# [Stored entries]

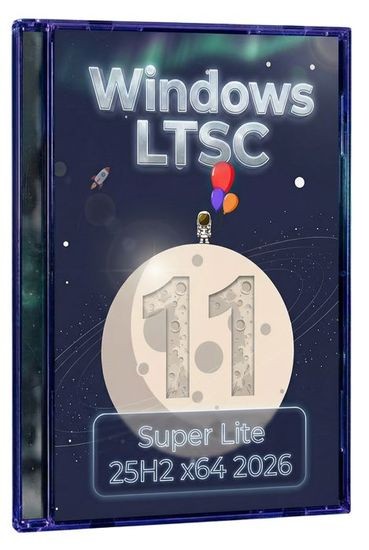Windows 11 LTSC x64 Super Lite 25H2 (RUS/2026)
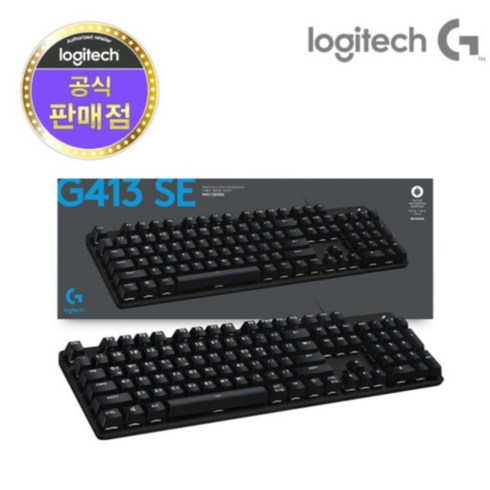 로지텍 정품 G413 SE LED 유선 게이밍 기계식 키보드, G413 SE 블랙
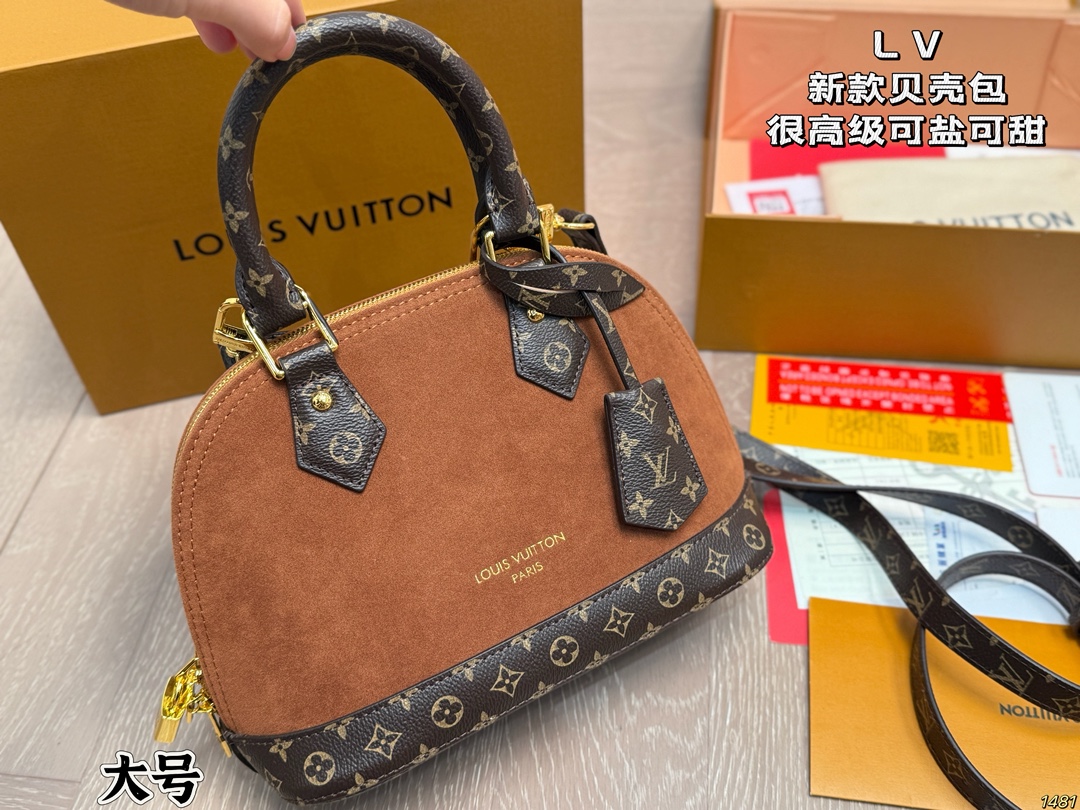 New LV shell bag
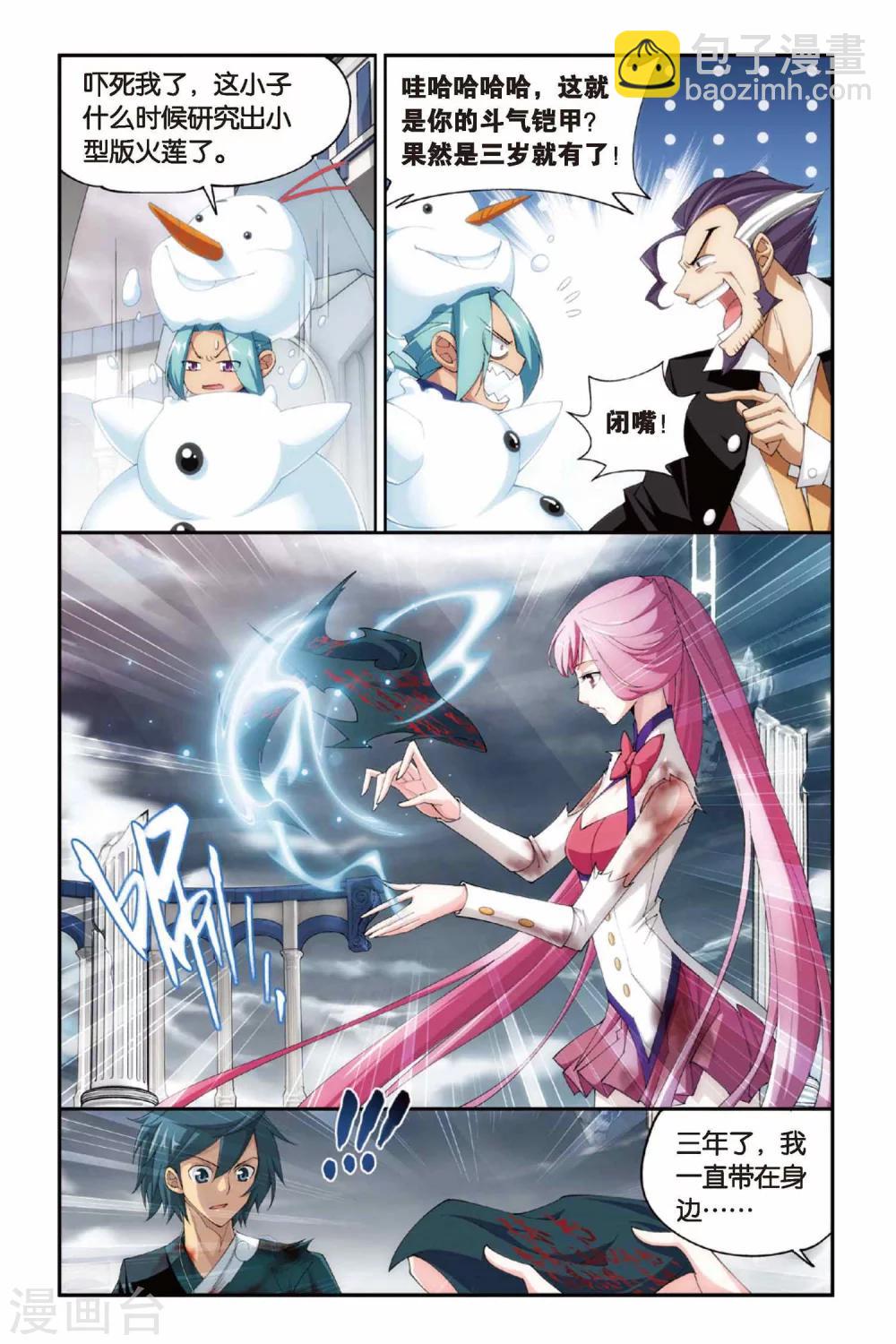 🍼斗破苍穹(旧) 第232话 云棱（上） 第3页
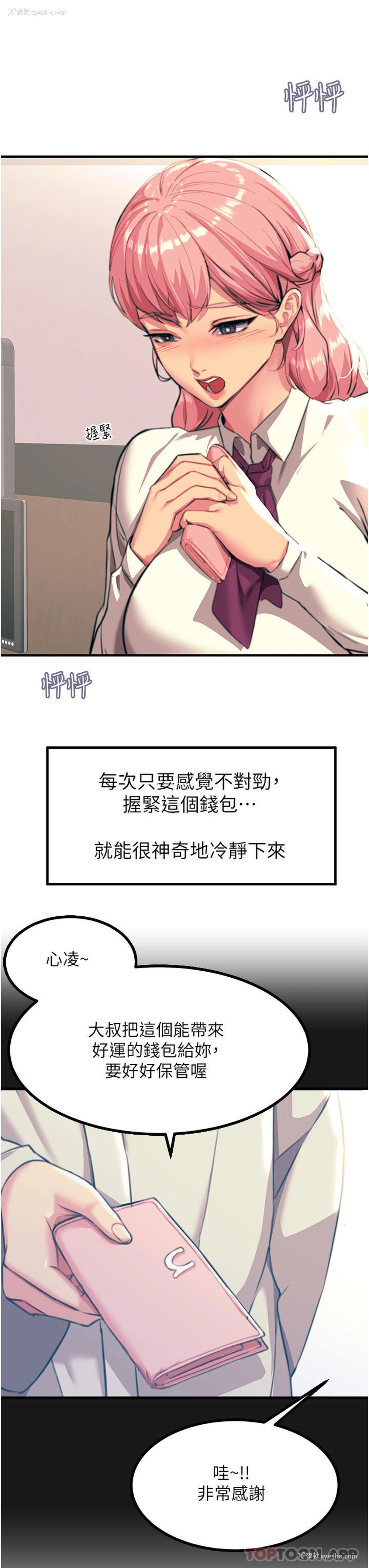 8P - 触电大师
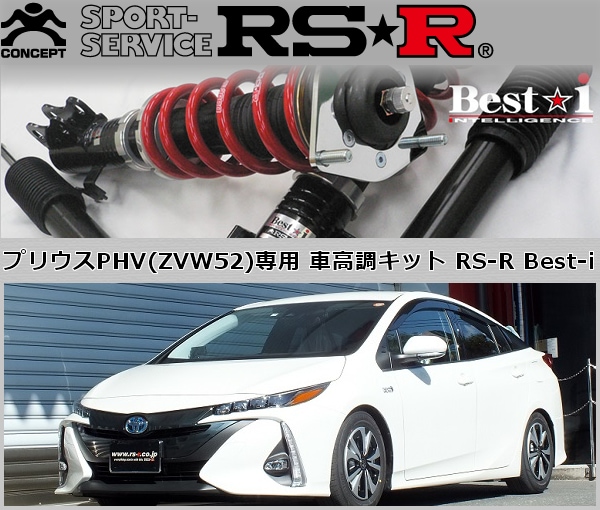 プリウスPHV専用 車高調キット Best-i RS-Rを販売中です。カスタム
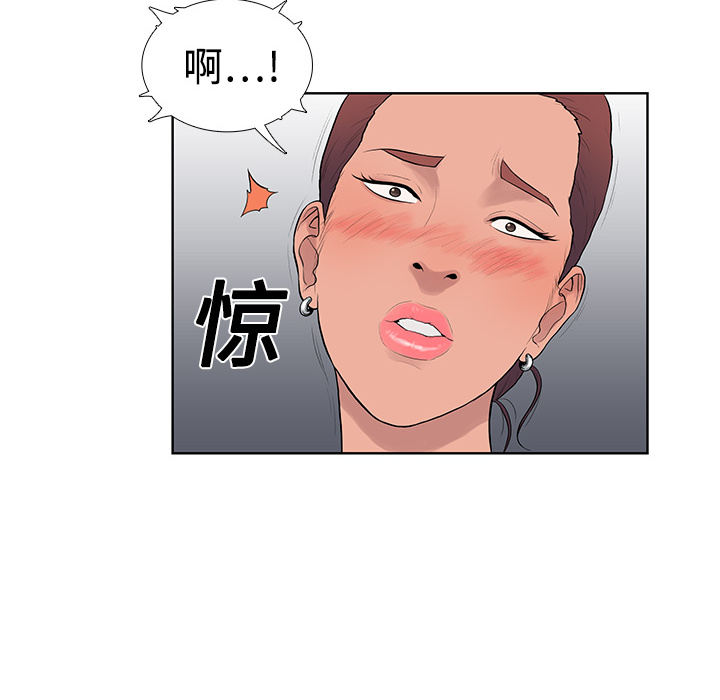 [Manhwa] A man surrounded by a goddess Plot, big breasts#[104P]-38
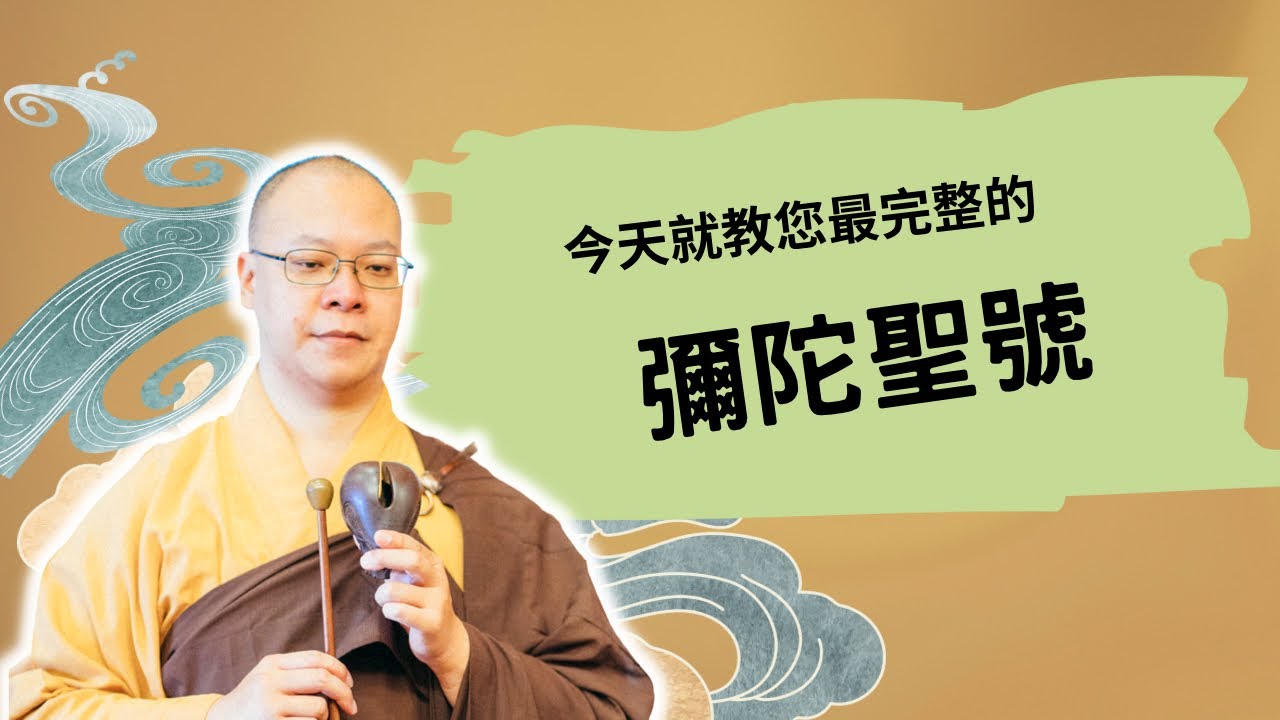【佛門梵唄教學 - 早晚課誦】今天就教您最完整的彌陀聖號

# [Activity]
Please return only the lines from the one holding "第232话 云棱（上） 第3页" through the end of the data, both ends included; do not copy any pictures.

# [Solution]
 🍼斗破苍穹(旧) 第232话 云棱（上） 第3页
 8P - 触电大师
 プリウスPHV専用 車高調キット Best-i RS-Rを販売中です。カスタム
 [Manhwa] A man surrounded by a goddess Plot, big breasts#[104P]-38
【佛門梵唄教學 - 早晚課誦】今天就教您最完整的彌陀聖號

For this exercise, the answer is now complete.